De la ferraille et des cordes, des poulies, des boules, du fer, du poids, du lourd, une toile peinte, des tuyaux, des boulons, des numéros et deux clowns, des sacs qui tombent du ciel et un homme suspendu par les pieds, le merveilleux Hervé Pierre (concret, humble, touchant, poétique, si humain), des objets lourds comme la gravité, et deux hommes qui rêvent d’élans et de légèreté, deux acteurs-ouvriers dans une usine-poème…

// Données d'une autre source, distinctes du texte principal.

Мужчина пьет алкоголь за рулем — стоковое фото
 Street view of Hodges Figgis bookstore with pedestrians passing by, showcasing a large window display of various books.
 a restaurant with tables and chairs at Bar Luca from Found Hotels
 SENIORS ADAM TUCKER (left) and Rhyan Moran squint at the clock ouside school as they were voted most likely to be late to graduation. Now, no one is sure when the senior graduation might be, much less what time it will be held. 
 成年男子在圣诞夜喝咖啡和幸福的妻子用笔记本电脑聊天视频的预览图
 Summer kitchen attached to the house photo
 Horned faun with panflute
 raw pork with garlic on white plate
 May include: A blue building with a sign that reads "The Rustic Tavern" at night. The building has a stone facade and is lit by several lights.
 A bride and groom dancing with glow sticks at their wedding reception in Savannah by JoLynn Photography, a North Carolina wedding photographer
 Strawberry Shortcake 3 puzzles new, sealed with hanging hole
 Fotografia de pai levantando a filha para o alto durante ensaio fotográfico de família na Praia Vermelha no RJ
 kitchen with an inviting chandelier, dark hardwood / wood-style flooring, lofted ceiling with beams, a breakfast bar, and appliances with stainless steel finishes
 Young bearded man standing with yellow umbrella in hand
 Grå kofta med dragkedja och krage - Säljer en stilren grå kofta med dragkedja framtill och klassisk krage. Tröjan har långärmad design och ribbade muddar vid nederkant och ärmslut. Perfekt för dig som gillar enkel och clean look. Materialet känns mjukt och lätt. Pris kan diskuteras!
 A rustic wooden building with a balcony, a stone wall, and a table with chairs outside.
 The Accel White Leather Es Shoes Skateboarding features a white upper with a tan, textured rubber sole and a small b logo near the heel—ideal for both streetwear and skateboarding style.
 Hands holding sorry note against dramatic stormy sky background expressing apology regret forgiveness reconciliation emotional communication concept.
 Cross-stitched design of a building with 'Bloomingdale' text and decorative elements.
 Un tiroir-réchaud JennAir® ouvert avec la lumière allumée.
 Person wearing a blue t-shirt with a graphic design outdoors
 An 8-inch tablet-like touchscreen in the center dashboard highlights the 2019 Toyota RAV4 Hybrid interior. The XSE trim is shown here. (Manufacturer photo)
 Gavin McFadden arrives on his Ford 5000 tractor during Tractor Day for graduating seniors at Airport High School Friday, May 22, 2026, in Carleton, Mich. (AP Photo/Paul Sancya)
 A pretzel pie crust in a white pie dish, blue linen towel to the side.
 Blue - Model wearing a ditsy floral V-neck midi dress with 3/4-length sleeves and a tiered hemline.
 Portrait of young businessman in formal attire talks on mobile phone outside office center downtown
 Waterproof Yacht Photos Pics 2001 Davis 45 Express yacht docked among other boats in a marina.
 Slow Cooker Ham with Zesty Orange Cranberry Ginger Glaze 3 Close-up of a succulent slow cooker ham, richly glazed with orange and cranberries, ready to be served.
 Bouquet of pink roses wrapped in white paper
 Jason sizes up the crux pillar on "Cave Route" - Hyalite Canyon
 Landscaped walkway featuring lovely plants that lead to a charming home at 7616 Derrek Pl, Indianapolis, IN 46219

On murmure que Pierre Meunier se retira en Lorraine pour écrire son texte, durant l’automne 1995, sur le carreau désaffecté de Petite-Rosselle. « Là dans cette solitude peuplée de masses énormes arrêtées, machines d’extraction, laveuses à charbon, terrils et chevalement affaissés, j’ai éprouvé la puissance de la pesanteur immobile… » dit-il. Vingt-sept ans plus tard, il reprend « L’homme de plein vent », son premier spectacle, créé en 1996 à Avignon, avec son éternel complice, Hervé Pierre, sous le regard délicat de Marguerite Bordat.

Les deux acteurs interprètent Léopold Von Fligenstein (Pierre Meunier), costume noir et chemise blanche, lacets toujours défaits et cravate en forme de lavallière, qui éructe en allemand, en rêvant de parvenir à défier les lois de la pesanteur, et Kutch (Hervé Pierre), blouse d’ouvrier ou torse nu, ventre et poils dehors, vérificateur en chef des poids et mesures. « Leur combat physique est la métaphore vivante de la lutte contre le nivellement, contre la réduction normée des imaginaires… On ne peut pas dire que la menace ait faibli » dit le metteur en scène, dont on avait vu un spectacle, entre cirque, performance et poésie burlesque, un brin déçu, il y a fort longtemps, autour de gigantesques pneus, et qu’on retrouve dans ce même théâtre de la Bastille, avec le ravissement des enfants devant les lions ou les tours de  magie.

La Compagnie La Belle Meunière a dédié le spectacle à François Tanguy, « ami éclaireur parti trop tôt », et il est vrai que l’on songe au Théâtre du Radeau, ou à Alexis Forestier, des propositions rares dans le théâtre d’aujourd’hui. Il y a du Etaix et du Keaton, du Beckett aussi. Pierre Meunier est l’auguste rêveur, Hervé Pierre l’ami ouvrier, qui finit suspendu par les pieds à une poulie dans un monologue plein de grâce. Le spectacle est magique, drôle, étrange, poétique, subtil, léger et délicat. Tout ce qui manque au monde d’aujourd’hui. En sortant, on s’est même demandé si les deux acteurs, en vingt-sept ans, n’avaient pas gagné en drôlerie, en complicité et en finesse, ce qu’ils avaient perdu en force physique avec le temps qui passe, car ce que les deux magnifiques sexagénaires s’amusent à faire sur le plateau (c’est d’abord une histoire d’amitié) est peut-être – on ne le saura jamais – encore plus beau aujourd’hui. Deleuze disait que la vieillesse était une merveille quand on n’était ni pauvre, ni malade, car la société vous fout la paix. On n’a plus de comptes à rendre, on peut enfin être libres. Meunier et Pierre ont atteint une forme de grâce. C’est un bonheur de les voir jouer, comme si au-delà des tuyaux et des boules, tout ce qui nous pèse, ils célèbrent le bon vieux théâtre, une magnifique amitié, et la grâce des acteurs au sommet de leur art. Sans rien sur (eux) qui pèsent ou qui posent.